- City: Jamestown, New York
- League: Mid-Atlantic Hockey League
- Founded: 2007
- Home arena: Jamestown Savings Bank Ice Arena
- Colors: navy blue, light blue, gold
- Owners: Vikings Professional Hockey Club, LLC
- Head coach: Brad Zangs

Franchise history
- 2007-2008: Jamestown Vikings
- 2008: Lake Erie Vikings

Championships
- Regular season titles: 0

= Jamestown Vikings =

Professional ice hockey team

The Jamestown Vikings were a professional ice hockey team that played in the now defunct Mid-Atlantic Hockey League. They were in Jamestown, New York at the Jamestown Savings Bank Ice Arena.

==Team history==
The league canceled the remainder of the 2007-08 season and suspended operations on February 12, 2008. The MAHL planned to return with teams in new locations in 2008-09. The Vikings and Valley Forge Freedom, the league's two most fiscally solvent franchises, were expected to remain in the league if and when the league returns. After the season ended, several Vikings players went on a drunken rampage at a local lodge in Jamestown, believing that league and team owner Andrew Haines owned the lodge (he did not) and causing tens of thousands of dollars in damage.
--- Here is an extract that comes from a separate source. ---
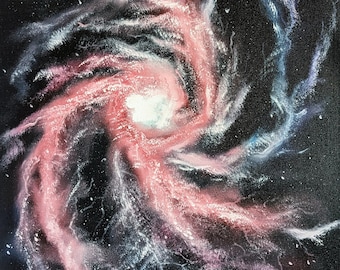 Spiral Star Nebula 0il Painting 16"x20"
League officials originally said that they fully expected the Vikings to be a part of a renewed league in 2008-09. However, on March 18, the league announced that the Jamestown team would move to Ohio, and play as the Lake Erie Vikings, citing the vandalism incident as the primary reason for the departure. It was later revealed that the Jamestown Savings Bank Ice Arena had revoked the Vikings' lease because of the league's financial problems. The team later announced its intentions to begin play at "The Pond" in Auburn Township, Geauga County, Ohio, but after the folding of the MAHL in September 2008, the Vikings never played again.

A junior "A" hockey franchise named the Jamestown Jets replaced the Vikings in Jamestown.